Supplied information:
****************
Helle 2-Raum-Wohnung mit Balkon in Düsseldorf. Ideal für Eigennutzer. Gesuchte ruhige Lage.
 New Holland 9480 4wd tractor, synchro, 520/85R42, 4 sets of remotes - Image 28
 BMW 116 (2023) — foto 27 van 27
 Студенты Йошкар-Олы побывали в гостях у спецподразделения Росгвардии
****************
Problem to work on: Repeat the material from above exactly, word for word.

Output for this exercise:
Helle 2-Raum-Wohnung mit Balkon in Düsseldorf. Ideal für Eigennutzer. Gesuchte ruhige Lage.
 New Holland 9480 4wd tractor, synchro, 520/85R42, 4 sets of remotes - Image 28
 BMW 116 (2023) — foto 27 van 27
 Студенты Йошкар-Олы побывали в гостях у спецподразделения Росгвардии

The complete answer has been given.